Related to the operation of the interactive apparatus 1 registering the scene object, please refer to FIG. 2, which is a flow diagram illustrating the interactive apparatus 1 registering a scene object according to some embodiments of the present disclosure.


First, the interactive apparatus 1 executes an operation OP11, reading identification data from a scene object SD. Specifically, the interactive apparatus 1 may obtain the identification data through scanning 2D barcode, downloading from gateway, or other operation, wherein the identification data may be a unique character string or in other data format for identification.


Next, the interactive apparatus 1 executes an operation OP12, transmitting the identification data to a server SV. Correspondingly, after receiving the identification data, the server SV executes an operation OP13, verifying object permission based on the identification data.


Specifically, the server SV may identify the scene object SD and confirm the status of the scene object SD based on the identification data. For example, if the scene object SD has not been registered by other interactive apparatus, the server SV is able to confirm that the interactive apparatus 1 is the owner of the scene object SD and has the control permission of the scene object SD. On the other hand, if the scene object SD has been registered by other interactive apparatus in the past, the server SV then may notify the owner of the scene object SD (i.e., the first interactive apparatus registering the scene object SD) and check with the owner for permission of controlling the scene object SD with the interactive apparatus 1.


After confirming that the interactive apparatus 1 has the control permission of the scene object SD, the server SV executes operations OP14 and OP15, transmitting an object certificate to the interactive apparatus 1 and transmitting a user certificate to the scene object SD, wherein the object certificate is the permission certificate of the scene object SD, and the user certificate is the permission certificate of the interactive apparatus 1. Correspondingly, the interactive apparatus 1 executes an operation OP16 after receiving the object certificate, storing the object certificate into the storage to register the scene object SD; and the scene object SD executes an operation OP17 after receiving the user certificate, storing the user certificate to register the interactive apparatus 1. It is noticed that, the execution order of the operations OP14 and OP15 is not limited in the present disclosure.


Accordingly, the interactive apparatus 1 and the scene object SD are able to exchange the object certificate and the user certificate and validate the received certificates to confirm the identification and the control permission of the connected object while connecting to each other in the future.

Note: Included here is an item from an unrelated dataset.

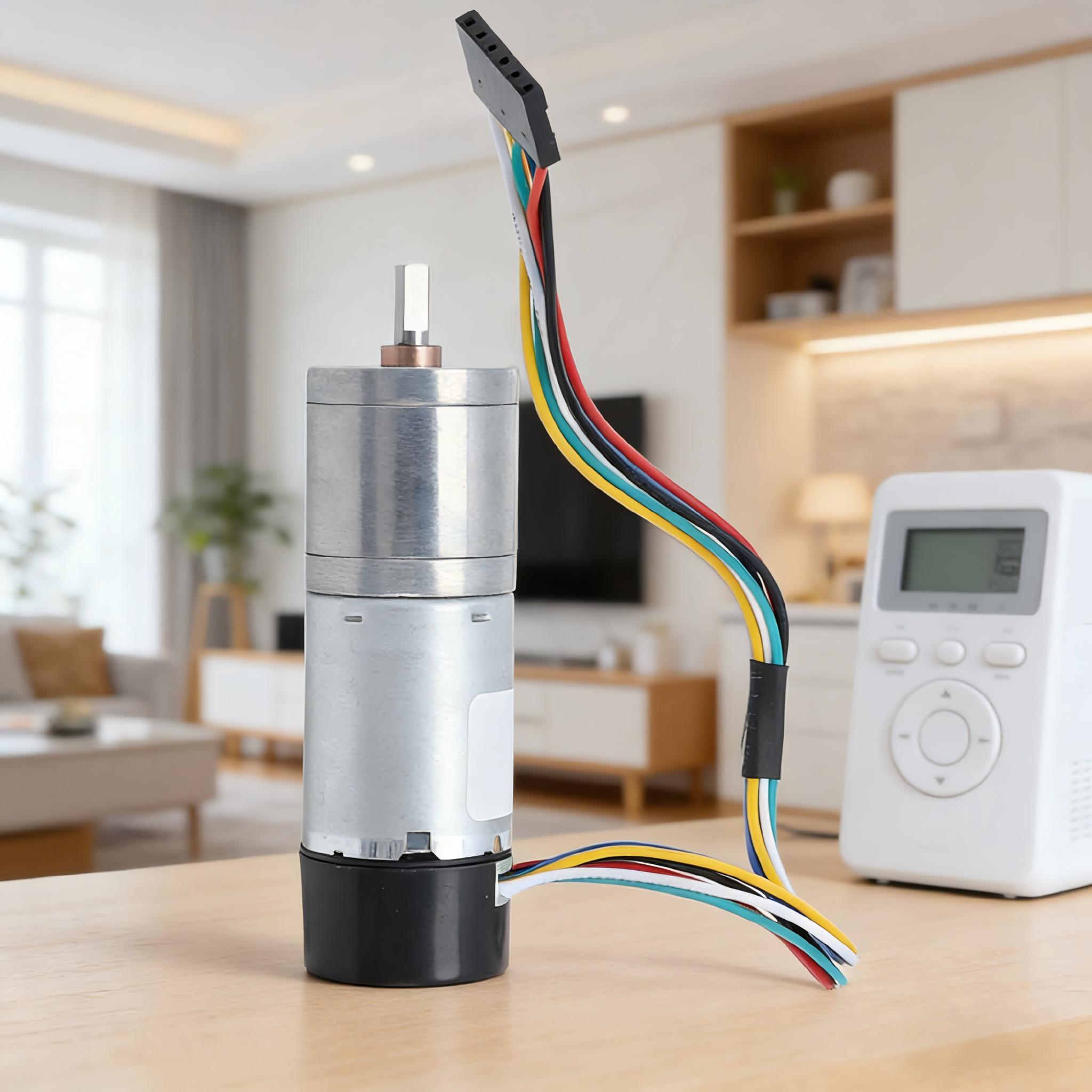 JGA25 371 DC Geared Motor 25mm - Diy Automation Projects recension och pris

In some embodiments, the storage of the interactive apparatus 1 comprises a semiconductor or solid-state memory, a magnetic tape, a removable computer diskette, a random-access memory (RAM), a read-only memory (ROM), a rigid magnetic disk, and/or an optical disk.


About the operation of the interactive apparatus 1 interacting with the scene object in the scene, please refer to FIG. 3, the interactive apparatus 1 is configured to execute operations OP21-OP23 to control the scene object in the scene.


First, the interactive apparatus 1 executes the operation OP21, the processor 11 determines whether the user is gazing at an object. Specifically, the processor 11 determines whether a user is in a gaze status based on a face image captured by the first image capture apparatus 14.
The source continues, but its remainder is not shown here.